[Records from a collection]
· · · · · · ·
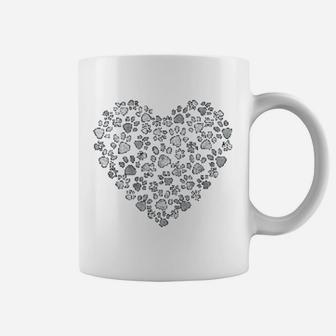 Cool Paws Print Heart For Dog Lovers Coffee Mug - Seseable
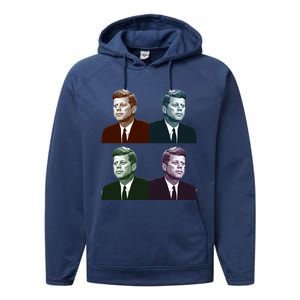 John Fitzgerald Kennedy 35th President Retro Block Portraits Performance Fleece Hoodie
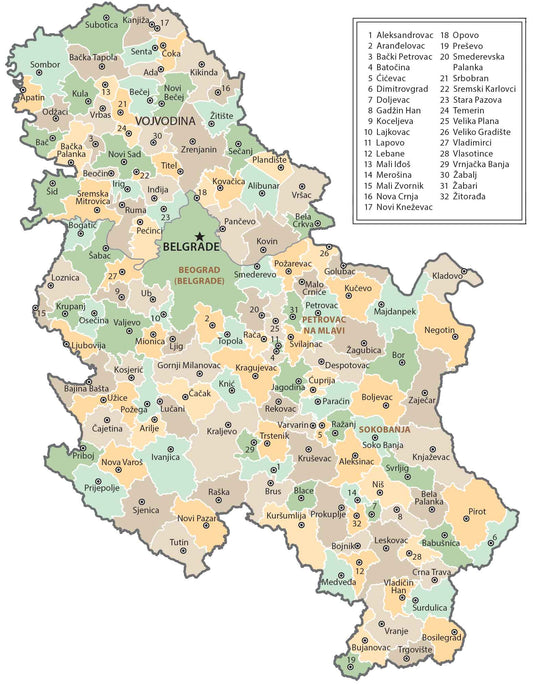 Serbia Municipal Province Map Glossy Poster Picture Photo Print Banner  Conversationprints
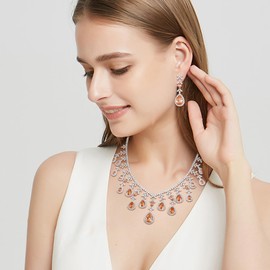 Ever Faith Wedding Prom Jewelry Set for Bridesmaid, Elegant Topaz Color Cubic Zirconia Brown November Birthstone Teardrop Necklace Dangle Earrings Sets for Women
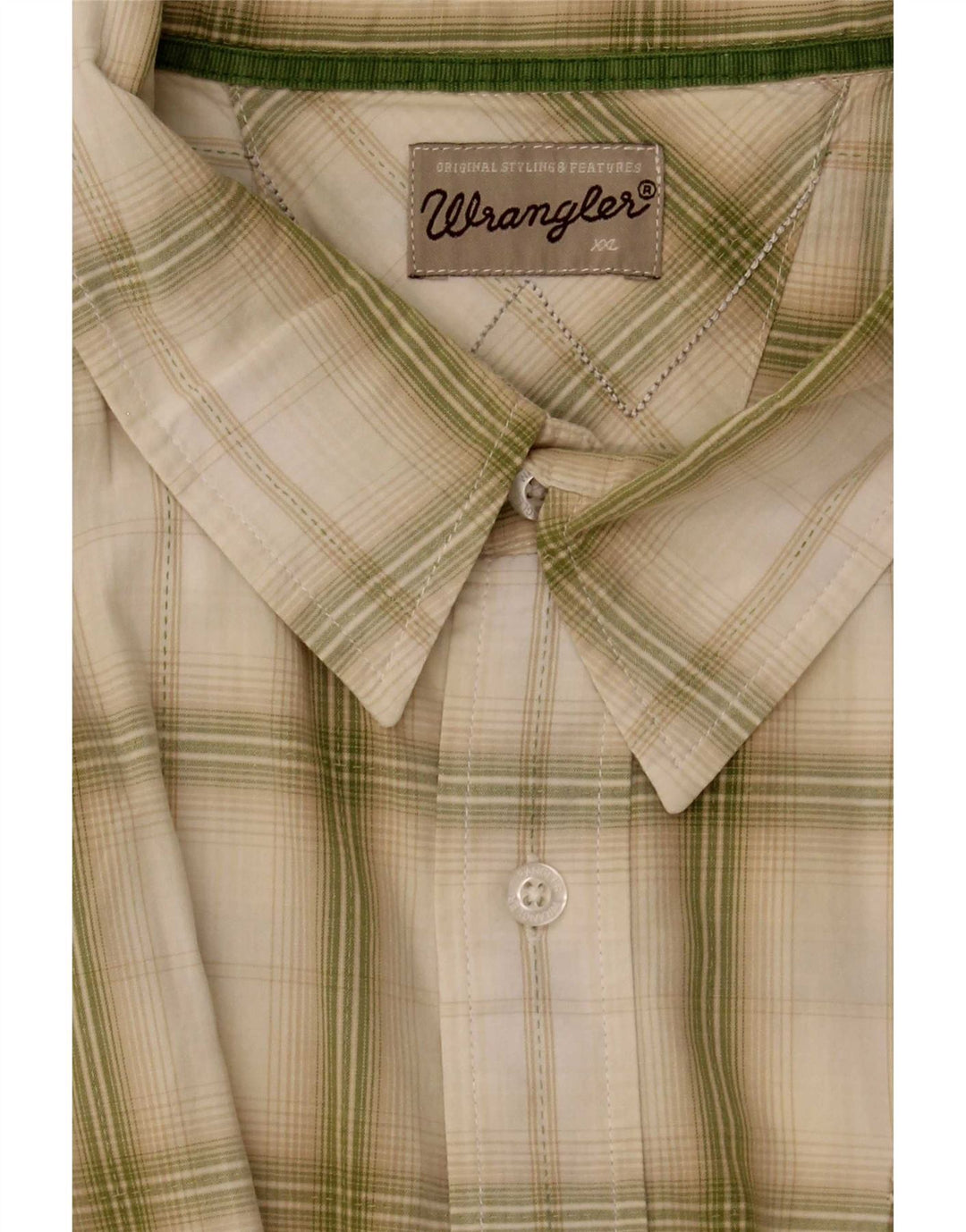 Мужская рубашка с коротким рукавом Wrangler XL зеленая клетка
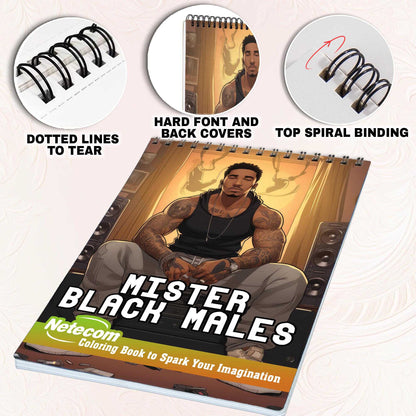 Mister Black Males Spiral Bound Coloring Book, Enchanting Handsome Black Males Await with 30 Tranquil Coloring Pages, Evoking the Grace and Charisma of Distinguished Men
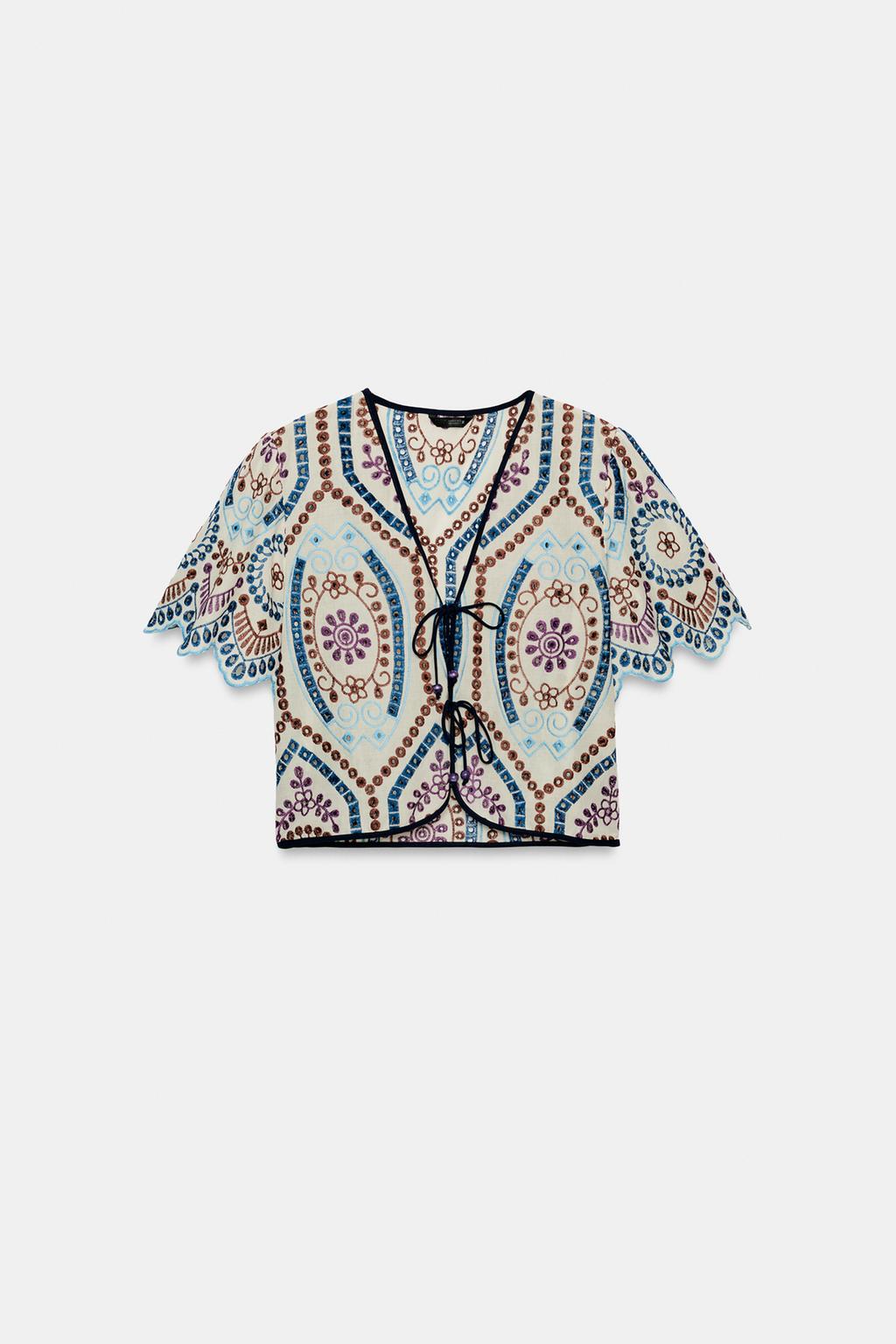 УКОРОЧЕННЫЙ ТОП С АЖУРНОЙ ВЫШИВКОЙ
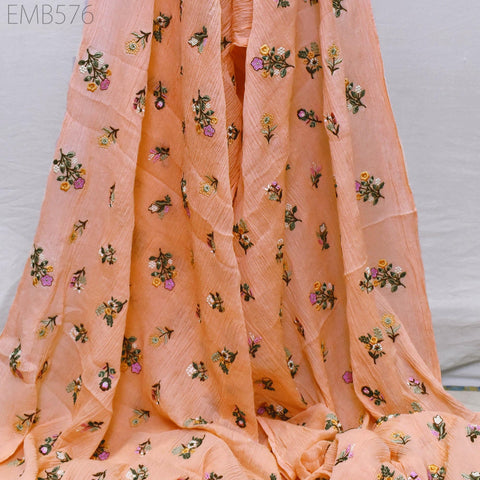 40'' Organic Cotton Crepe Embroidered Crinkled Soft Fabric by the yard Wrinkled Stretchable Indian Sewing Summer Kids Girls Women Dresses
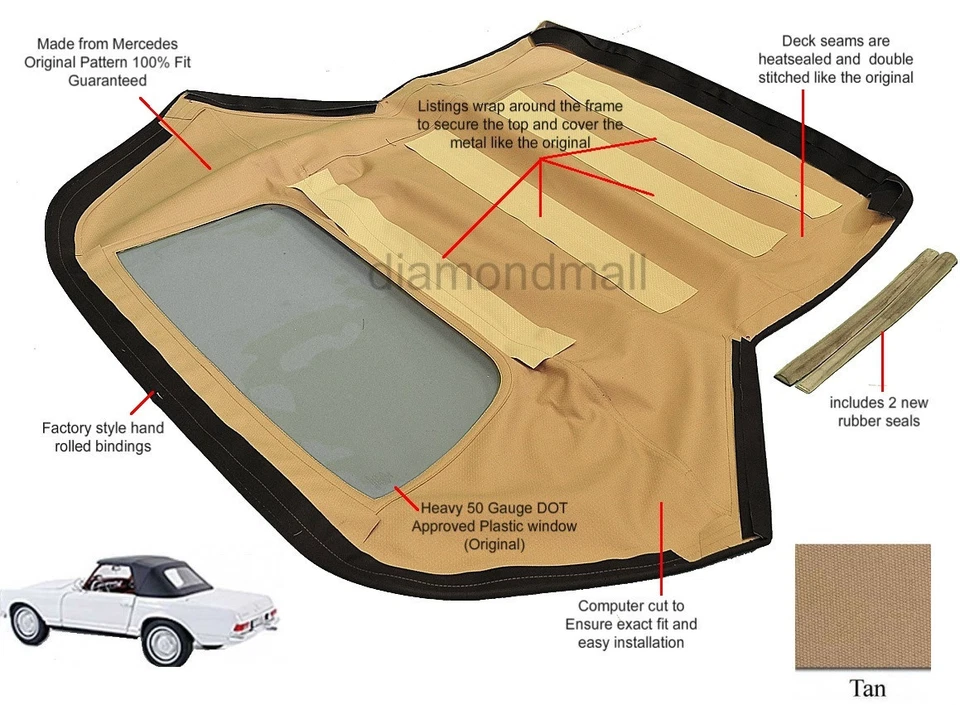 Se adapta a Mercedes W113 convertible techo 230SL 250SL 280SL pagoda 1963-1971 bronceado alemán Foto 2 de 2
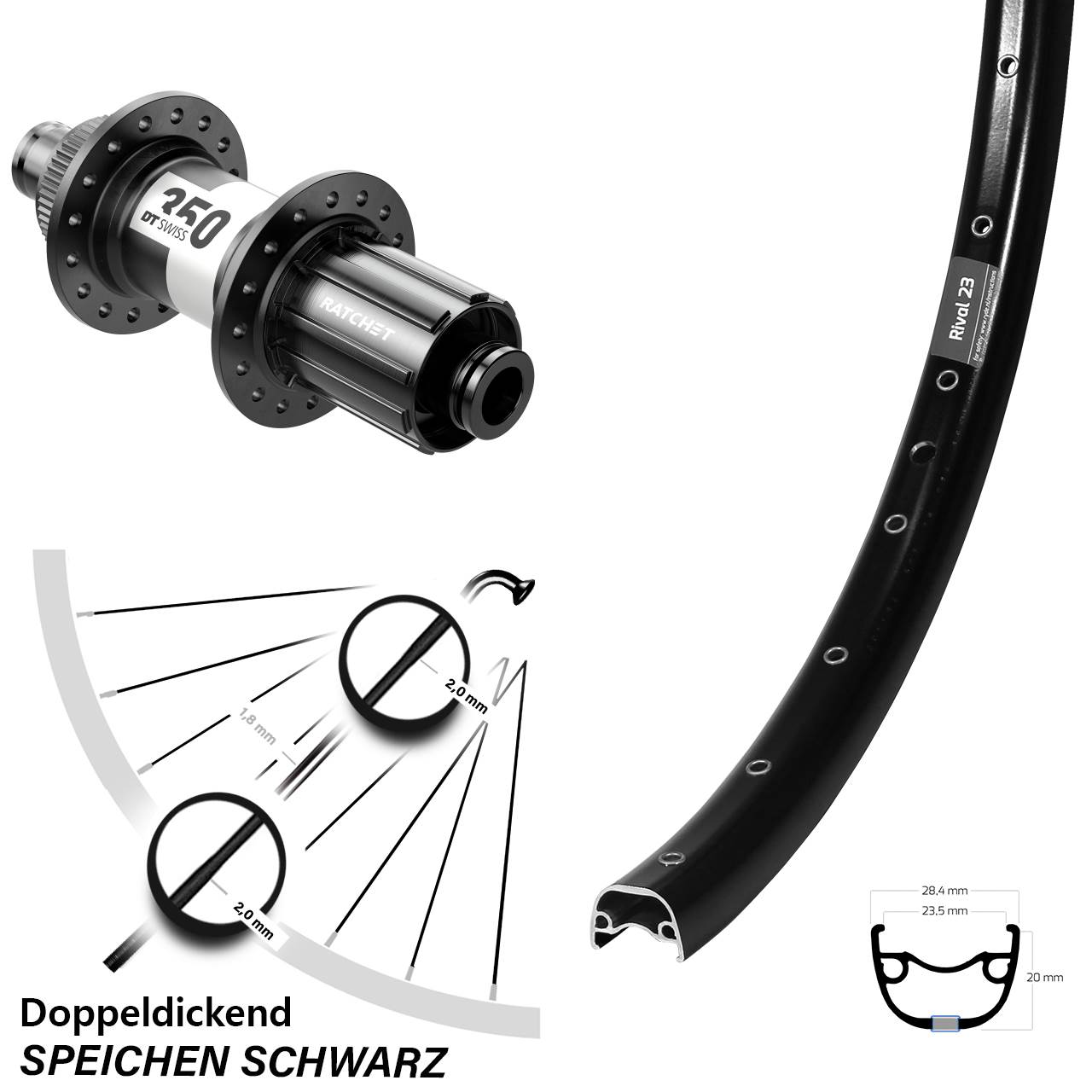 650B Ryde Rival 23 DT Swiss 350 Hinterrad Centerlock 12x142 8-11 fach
· · · · · · ·
▶ _Your instructions_:
Your answer must be the exact lines from the records above, from the one containing "УКОРОЧЕННЫЙ ТОП С АЖУРНОЙ ВЫШИВКОЙ" through the one containing "40'' Organic Cotton", both included, with every picture left out.

▶ _Solution_:
 УКОРОЧЕННЫЙ ТОП С АЖУРНОЙ ВЫШИВКОЙ
 40'' Organic Cotton Crepe Embroidered Crinkled Soft Fabric by the yard Wrinkled Stretchable Indian Sewing Summer Kids Girls Women Dresses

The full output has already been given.